The malaria control component of the Lubombo Spatial Development Initiative (LSDI) was put in place to address the issue of high malaria transmission in an area targeted for accelerated agricultural and economic development. The LSDI was the brainchild of the Department of Environmental Affairs and Tourism in South Africa, which formed a trilateral initiative between the governments of Mozambique, South Africa and Swaziland, to develop the area bounded by the Lubombo Mountains into a globally competitive economic Zone, ensuring sustainable employment and equity in access to economic opportunity in the region. The geographic region targeted by this initiative is broadly defined as eastern Swaziland, southern Mozambique and north-eastern KwaZulu Natal. See map below. However, this area also straddled the highest risk malaria areas in the three countries, and it was realised early on that no development could occur in the region if the burden of malaria was not reduced.

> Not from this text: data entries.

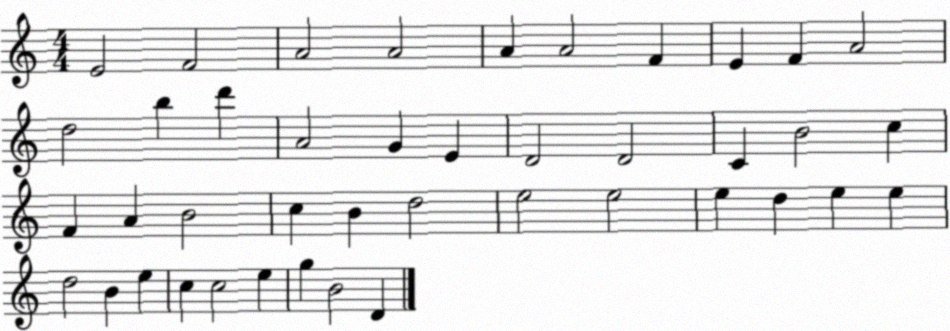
X:1
T:Untitled
M:4/4
L:1/4
K:C
E2 F2 A2 A2 A A2 F E F A2 d2 b d' A2 G E D2 D2 C B2 c F A B2 c B d2 e2 e2 e d e e d2 B e c c2 e g B2 D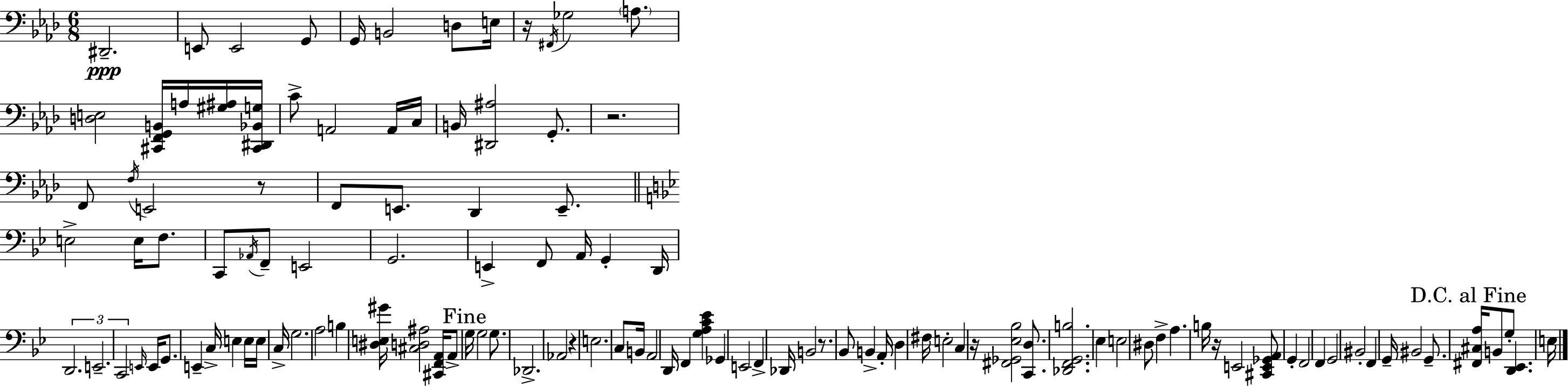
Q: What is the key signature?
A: F minor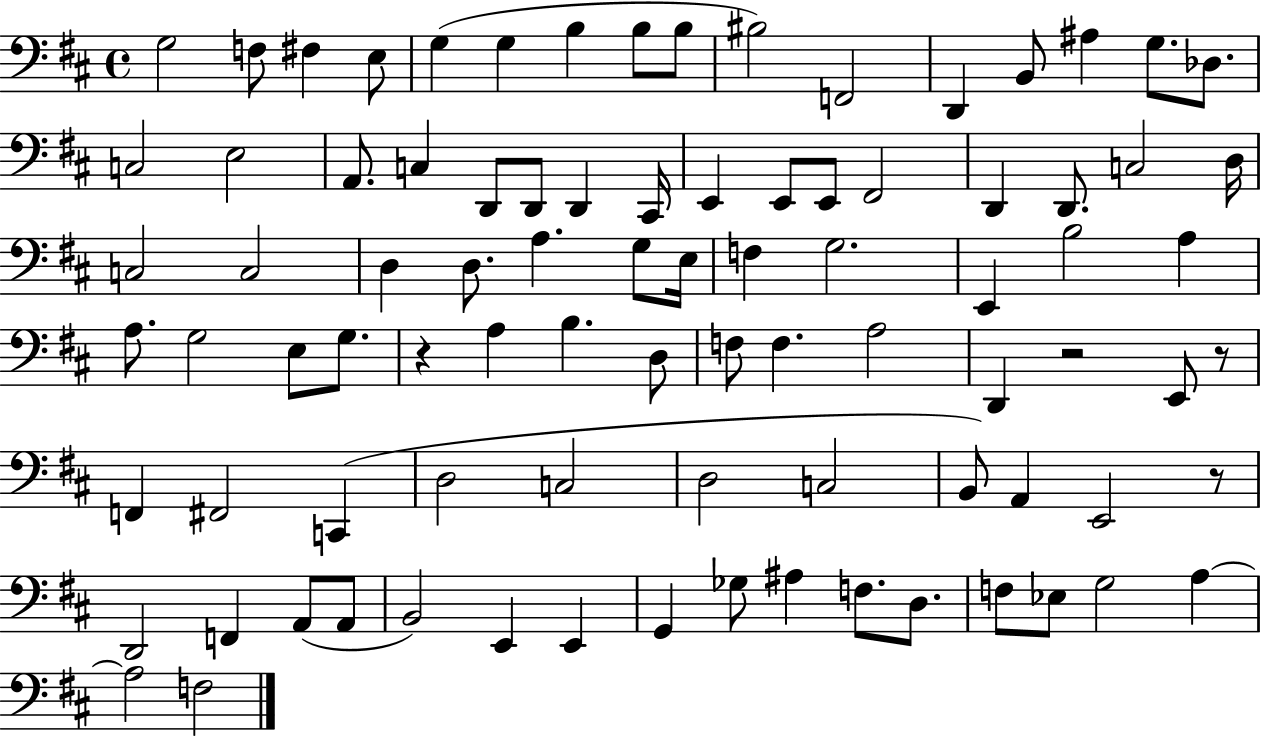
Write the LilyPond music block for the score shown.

{
  \clef bass
  \time 4/4
  \defaultTimeSignature
  \key d \major
  \repeat volta 2 { g2 f8 fis4 e8 | g4( g4 b4 b8 b8 | bis2) f,2 | d,4 b,8 ais4 g8. des8. | \break c2 e2 | a,8. c4 d,8 d,8 d,4 cis,16 | e,4 e,8 e,8 fis,2 | d,4 d,8. c2 d16 | \break c2 c2 | d4 d8. a4. g8 e16 | f4 g2. | e,4 b2 a4 | \break a8. g2 e8 g8. | r4 a4 b4. d8 | f8 f4. a2 | d,4 r2 e,8 r8 | \break f,4 fis,2 c,4( | d2 c2 | d2 c2 | b,8) a,4 e,2 r8 | \break d,2 f,4 a,8( a,8 | b,2) e,4 e,4 | g,4 ges8 ais4 f8. d8. | f8 ees8 g2 a4~~ | \break a2 f2 | } \bar "|."
}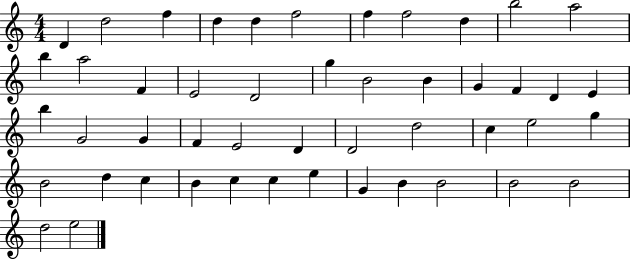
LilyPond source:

{
  \clef treble
  \numericTimeSignature
  \time 4/4
  \key c \major
  d'4 d''2 f''4 | d''4 d''4 f''2 | f''4 f''2 d''4 | b''2 a''2 | \break b''4 a''2 f'4 | e'2 d'2 | g''4 b'2 b'4 | g'4 f'4 d'4 e'4 | \break b''4 g'2 g'4 | f'4 e'2 d'4 | d'2 d''2 | c''4 e''2 g''4 | \break b'2 d''4 c''4 | b'4 c''4 c''4 e''4 | g'4 b'4 b'2 | b'2 b'2 | \break d''2 e''2 | \bar "|."
}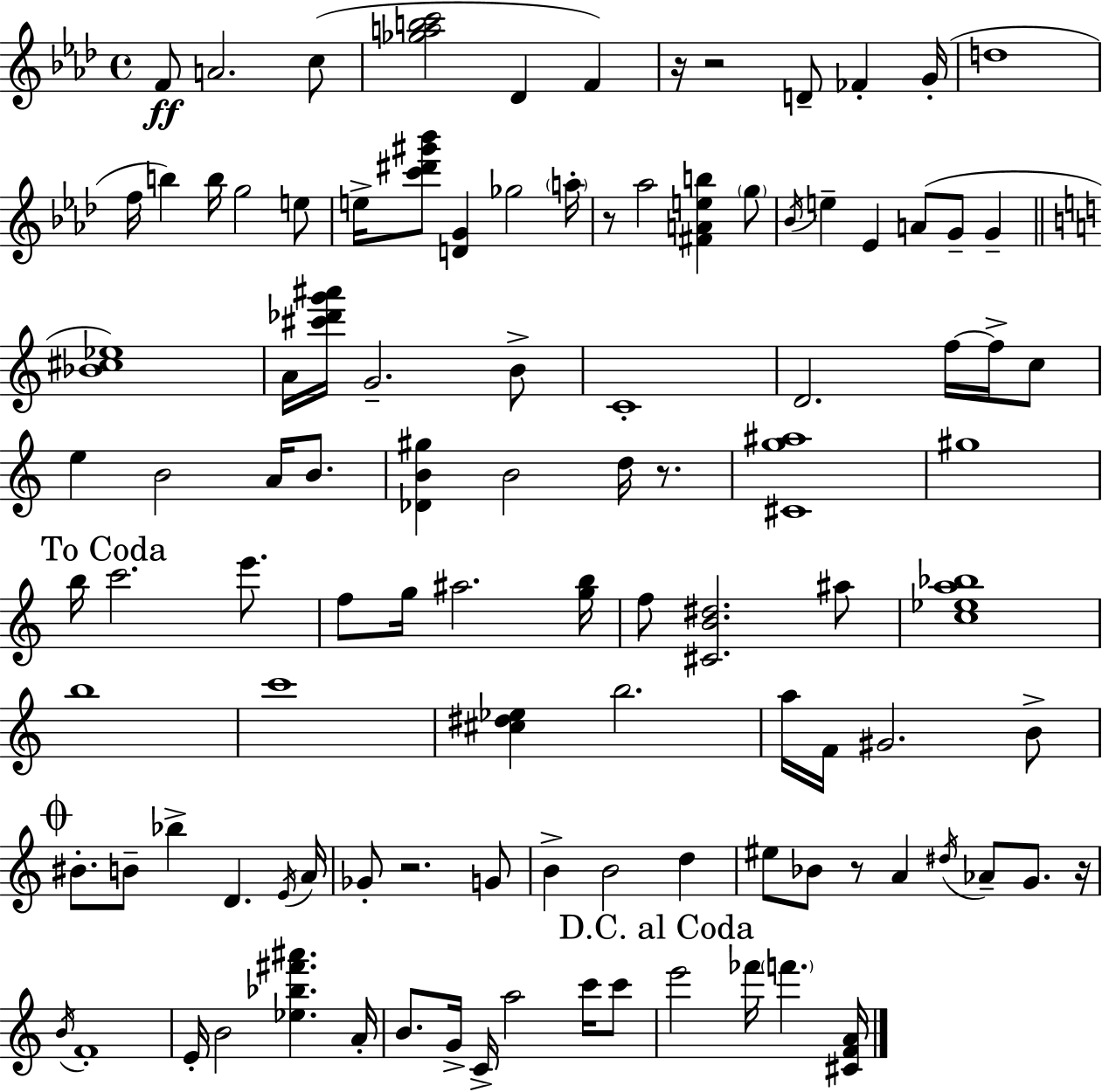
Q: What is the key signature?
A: AES major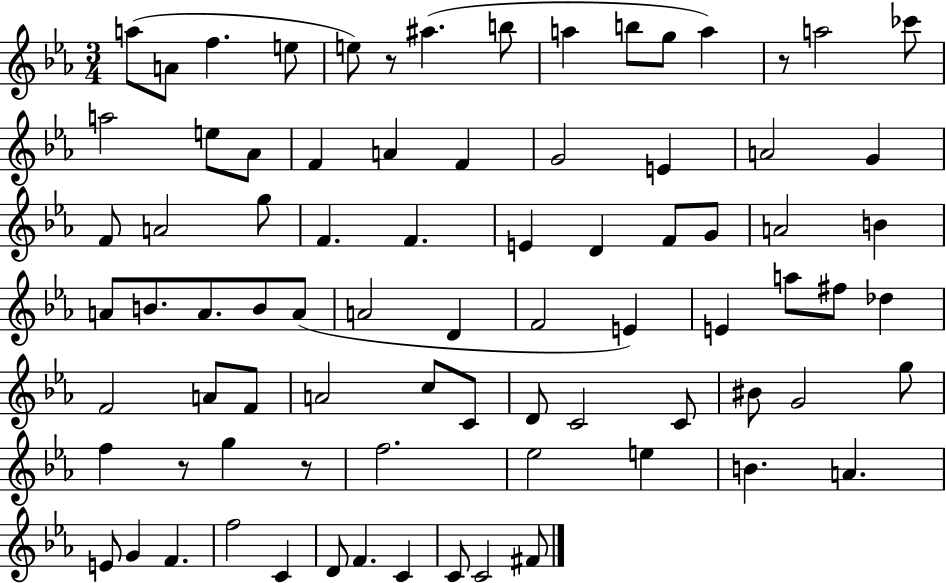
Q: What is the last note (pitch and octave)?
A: F#4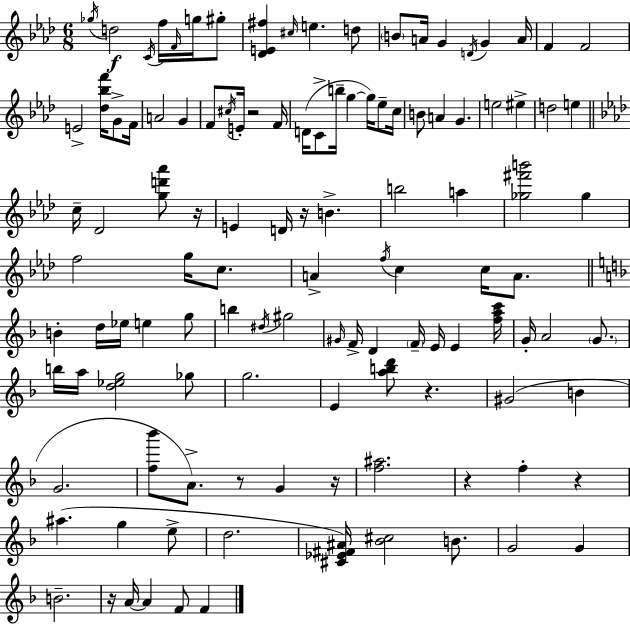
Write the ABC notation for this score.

X:1
T:Untitled
M:6/8
L:1/4
K:Fm
_g/4 d2 C/4 f/4 F/4 g/4 ^g/2 [_DE^f] ^c/4 e d/2 B/2 A/4 G D/4 G A/4 F F2 E2 [_d_bf']/4 G/2 F/4 A2 G F/2 ^c/4 E/4 z2 F/4 D/4 C/2 b/4 g g/4 _e/2 c/4 B/2 A G e2 ^e d2 e c/4 _D2 [gd'_a']/2 z/4 E D/4 z/4 B b2 a [_g^f'b']2 _g f2 g/4 c/2 A f/4 c c/4 A/2 B d/4 _e/4 e g/2 b ^d/4 ^g2 ^G/4 F/4 D F/4 E/4 E [fac']/4 G/4 A2 G/2 b/4 a/4 [d_eg]2 _g/2 g2 E [abd']/2 z ^G2 B G2 [f_b']/2 A/2 z/2 G z/4 [f^a]2 z f z ^a g e/2 d2 [^C_E^F^A]/4 [_B^c]2 B/2 G2 G B2 z/4 A/4 A F/2 F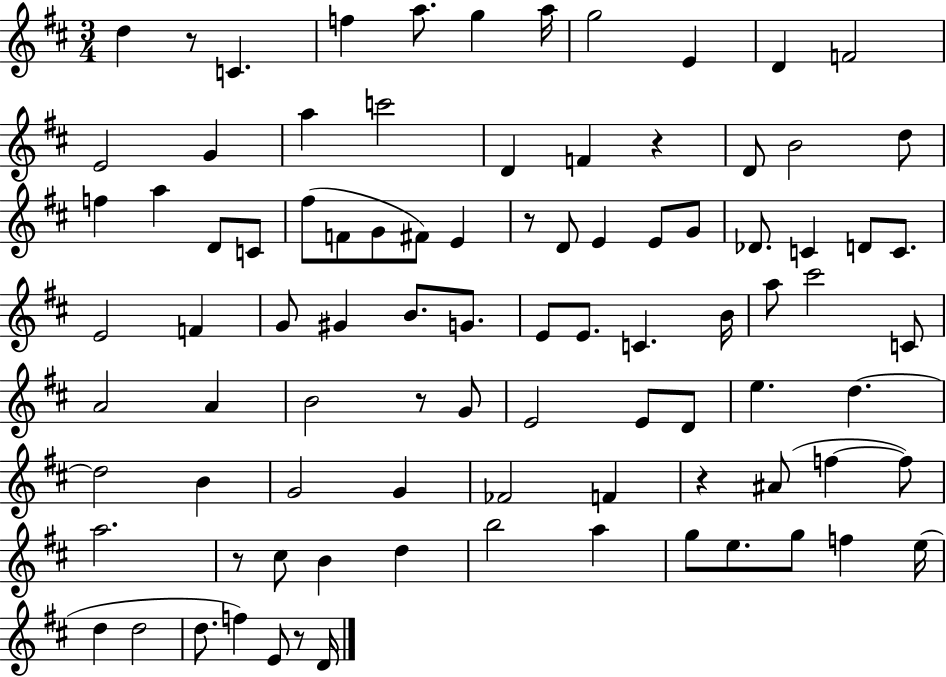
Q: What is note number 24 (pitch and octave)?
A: F#5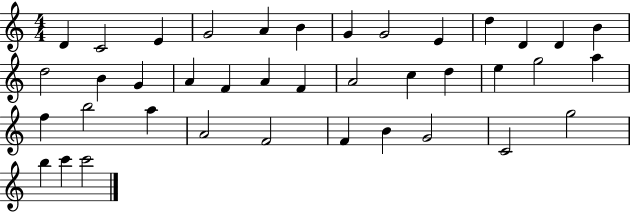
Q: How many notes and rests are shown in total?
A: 39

As a result of this, the malaria component of the LSDI was conceived by the Medical Research Council and their collaborators in the three countries. In July 1999, the Heads of State of the three countries participating in the LSDI signed the General Protocol which put in place a platform for regional cooperation and delivery. The Lubombo Malaria Protocol of understanding was signed at ministerial level between the three countries in October 1999. The malaria control component of the LSDI project is managed by the Regional Malaria Control Commission (RMCC), a core group of experts comprised of malaria control programme managers, public health specialists and scientists from the three countries. The primary emphasis of the LSDI malaria control programme was to extend malaria control to southern Mozambique. There was increasing consensus that even if malaria control measures were optimal in South Africa and Swaziland (with effective treatment and insecticides in place), the disease burden could only be further reduced by a regional approach to control. Effective malaria control was realised to be an important precursor to development with the situation prior to malaria control in South Africa supporting this view, given the well documented negative effects of malaria on tourism and development. A brief document was submitted to the three country ministerial meeting in 1998, outlining the negative effects of malaria on development and proposing malaria control.
The LSDI malaria programme was targeted at creating a platform for development, the beneficiaries being communities in areas with the lowest socio-economic development in the region as well as tourism, business and governments. The Primary interventions A two pronged approach to malaria control has been implemented, namely, vector control using indoor residual spraying (IRS) and effective malaria case management.
The Lubombo SDI initially targetted Maputo Province for intervention. The initial plans for the establishment of malaria control infrastructure in Mozambique were limited to the Maputo Province which share borders with, and influence, malaria transmission in regions of both South Africa and Swaziland. Maputo province was divided into zones, with control initiatives being introduced in the southern zones initially, extending northwards. See map below The control strategies implemented in Maputo was however so successful, that it was decided to extend the LSDI area to include the Gaza Province which shares a border with the Limpopo Province in South Africa.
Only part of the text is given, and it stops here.